Third, the replicating factors considered in Hasanhodzic and Lo (2007) are only a small subset of the many liquid instruments that are available to the institutional investor. By expanding the universe of factors to include options and other derivative securities, and customizing the set of factors to each hedge-fund category (and perhaps to each fund), it should be possible to achieve additional improvements in performance, including the ability to capture tail risk and other nonlinearities in a buy-and-hold portfolio. In fact, Haugh and Lo (2001) show that a judiciously constructed buy-and-hold portfolio of simple put-and-call options can yield an excellent approximation to certain dynamic trading strategies, and this approach can also be used to create better replication strategies.
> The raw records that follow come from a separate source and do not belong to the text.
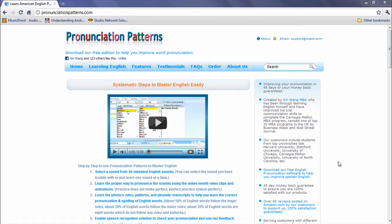Hi, my name is Xin Wang. I'm the creator of Pronunciation Patterns.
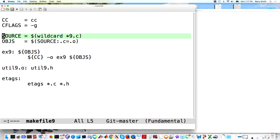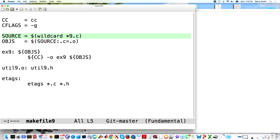I can extend this further — what if I have a bunch of source files and don't want to keep adding new ones to the Makefile manually? I can have the Makefile determine from the file system what files need to be compiled. Using $(wildcard *9.c), it looks in the file system for any file matching that pattern — so it'll find util9.c and EX9.c and define SOURCE to be that. You can include directories or look in several directories to generate a bigger list.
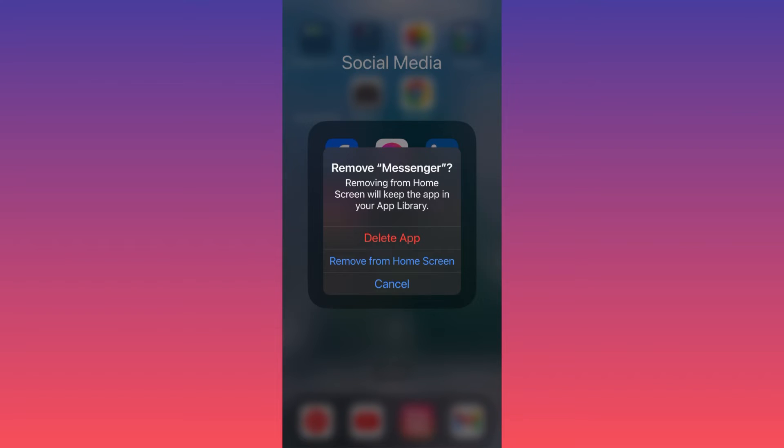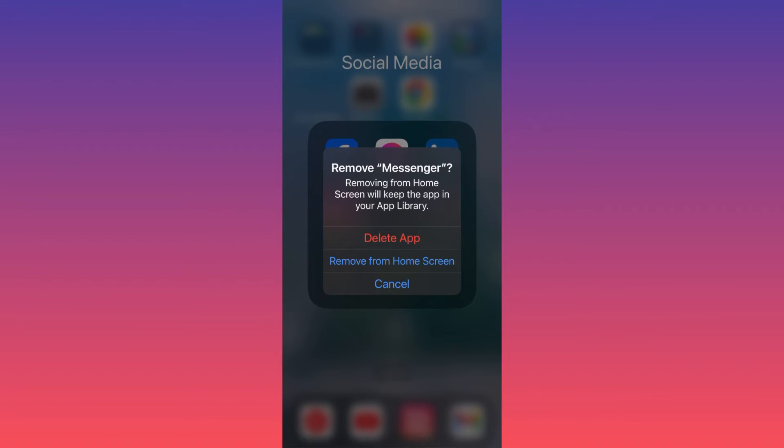Option two is remove from the home screen, which essentially means that the shortcut for Messenger will no longer appear, but the app still will be installed and still will be on the back end of the actual software. So you want to make sure that you know exactly what you want to achieve.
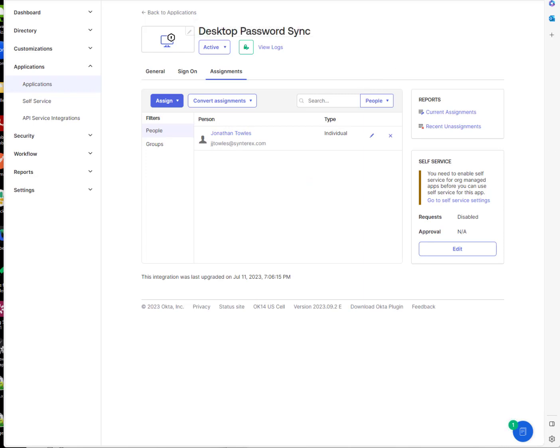Next up, outside of the fact that they're going to have to install Okta Verify on their Macs, we're going to go into the actual full setup.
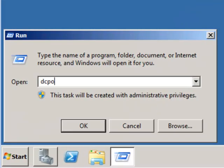So to do that, all we have to do is run DCPromo.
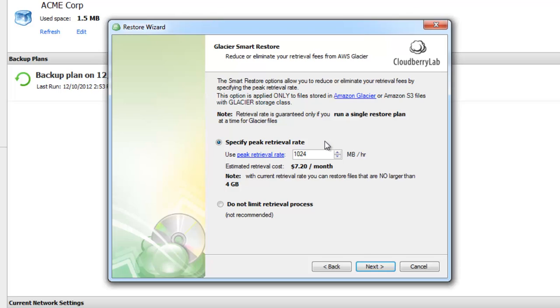Now we see the most important page of the restore wizard, which allows you to specify the peak retrieval rate. As you know, the amount you pay is determined by how fast you retrieve the data. When you change the peak retrieval rate, you can see how your estimated retrieval cost changes and how the size of the largest file you can retrieve changes.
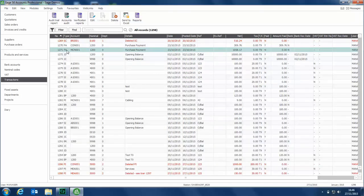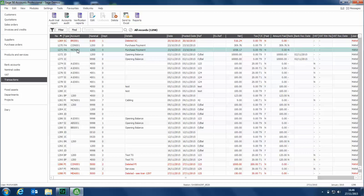The transaction type then changes to a PA, so we can go back into either the customer receipt window or the supplier payment window and reallocate that transaction to the required invoice. If this transaction has already been bank reconciled, nothing changes in that respect.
Finally, a number of engineering issues remain to be resolved before hedge fund replication strategies become a reality, e.g., the estimation methods for computing replicating portfolio weights, the optimal rebalancing interval, the types of strategies to be replicated, and the best method for combining replication strategies into a single portfolio. However, these challenges are all quite manageable given the current array of financial technologies at our disposal, so investors have reason to be optimistic about the practicality of replication strategies in the near term.

References
Getmansky, M., Lo, A. and I. Makarov, 2004, “An Econometric Analysis of Serial Correlation and Illiquidity in Hedge Fund Returns,” Journal of Financial Economics 74, 529–609.
Getmansky, M., Lo, A. and S. Mei, 2004, “Sifting Through the Wreckage: Lessons from Recent Hedge-Fund Liquidations,” Journal of Investment Management 2, 6–38.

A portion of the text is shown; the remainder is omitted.